Le cycle du crédit aux Etats-Unis s’est stabilisé, mais ne s’améliore pas encore nettement. L’enquête auprès des banques américaines pour la fin de l’année dernière montre que la demande de crédit continue de se reprendre, surtout de la part des entreprises pour lesquelles la demande de prêt augmente pour la première fois depuis 2022. Cela dit, les banques américaines continuent de resserrer l’offre de crédit aux entreprises, même si c’est bien plus limité qu’en 2023-2024, et n’assouplissent toujours pas l’offre de crédit aux ménages. Elles indiquent que cela vient de l’incertitude sur les perspectives économiques qui limite leur appétit pour prêter.
Cette enquête est cohérente avec celles menées sur les banques européennes, montrant que le cycle du crédit s’est stabilisé avec le début des baisses de taux des banques centrales, mais qu’il ne s’améliore pas davantage au tournant de l’année à cause des incertitudes importantes. Cela suggère que les incertitudes politiques limitent un peu la transmission de l’assouplissement monétaire, ce qui justifie une poursuite des baisses de taux directeurs.
La Fed est en pause depuis janvier et pourrait prolonger cette pause tant qu’elle n’a pas plus de certitudes sur les politiques commerciales et budgétaires qui seront finalement mises en œuvre. Mais elle reste sur une trajectoire de réduction des taux à moyen terme.
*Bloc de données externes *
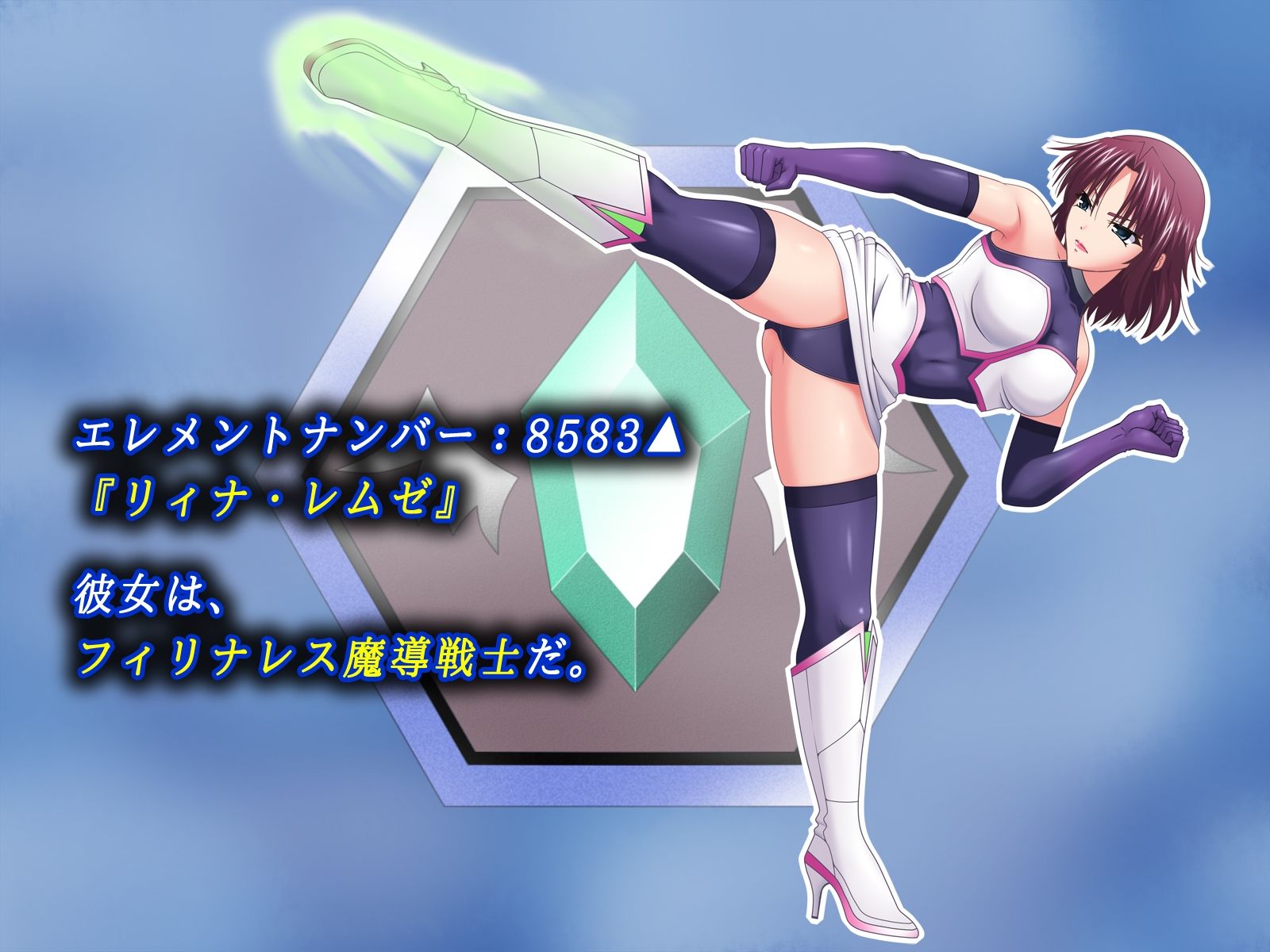 フィリナレス魔導戦士〜魔血枯渇の檻〜（リィナ編） - サンプル画像 1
La BCE reste, quant à elle, dans un cycle de baisse de taux rapide. Et les derniers chiffres d’inflation ne devraient pas l’empêcher de continuer ce cycle avec une nouvelle baisse de taux prévue en mars.
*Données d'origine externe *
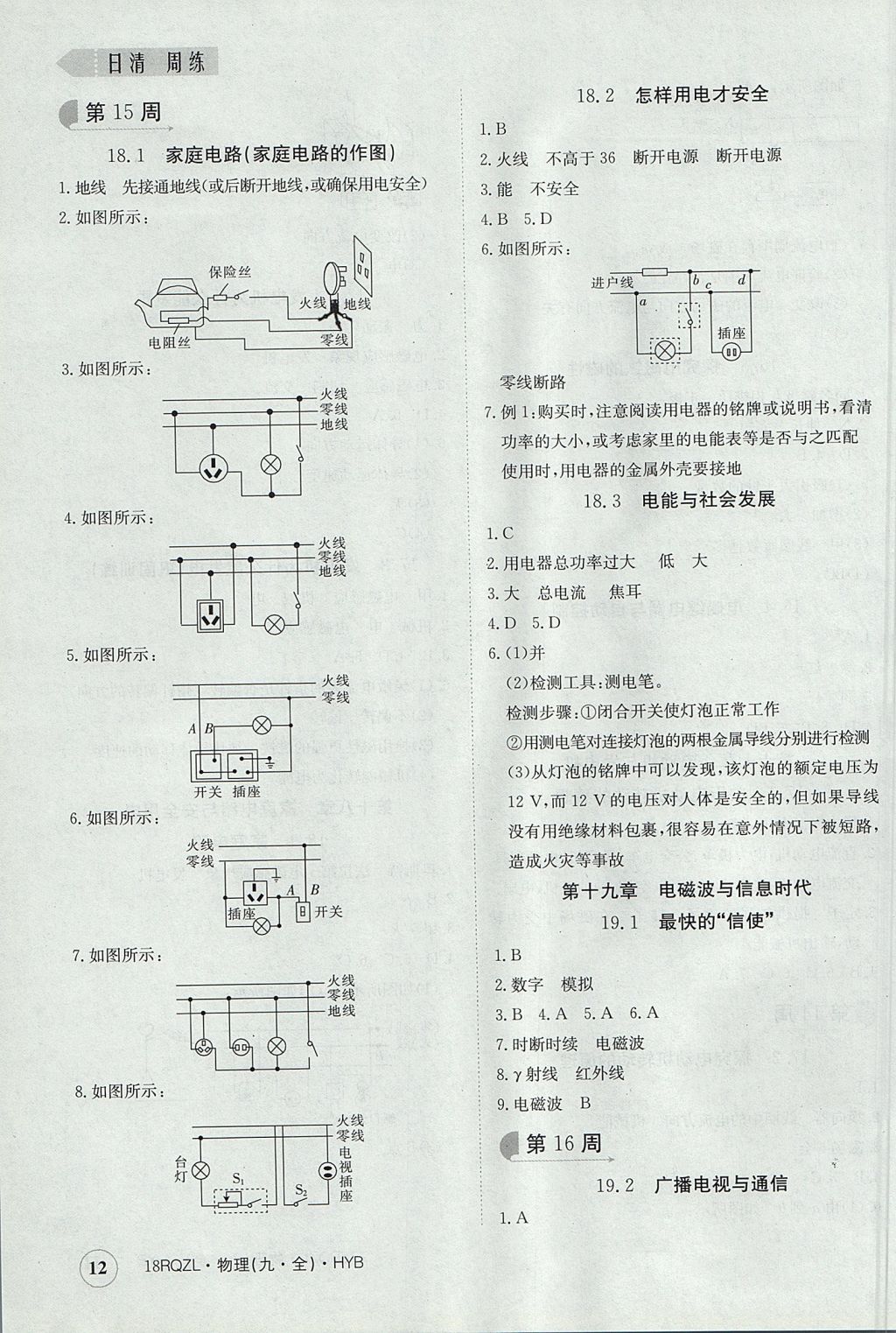 2017年日清周練限時(shí)提升卷九年級(jí)物理全一冊(cè)滬粵版 參考答案第12頁(yè)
L’inflation augmente de nouveau en zone euro en janvier, de 2,4 à 2,5%. Mais cela était attendu et ne vient que de la hausse des prix énergétiques.
L’inflation sous-jacente (hors énergie et alimentation) est encore élevée, mais ralentit par rapport à début 2024. Elle reste stable à 2,7% pour le cinquième mois consécutif, tirée par l’inflation des services qui ne ralentit toujours pas nettement, à 3,9%. Mais la hausse des prix dans les services est moins élevée en début d’année qu’au début de 2023 et 2024, ce qui devrait être encore plus marqué dans les prochains mois. En effet, les prix des services domestiques s’ajustaient à l’inflation élevée des années précédentes lors des deux dernières années, mais ce mécanisme de rattrapage devrait être moins important cette année.
Cela devrait permettre à l’inflation sous-jacente de reprendre son ralentissement à partir de février, et de converger lentement vers la cible d’ici un an. L’inflation totale va rester soutenue par la hausse des prix de l’énergie dans les prochains mois mais devrait aussi s’estomper dans la seconde partie de l’année. Comme la BCE, nous sommes confiants que l’inflation reviendra vers la cible au cours de l’année ou au tout début de l’année prochaine.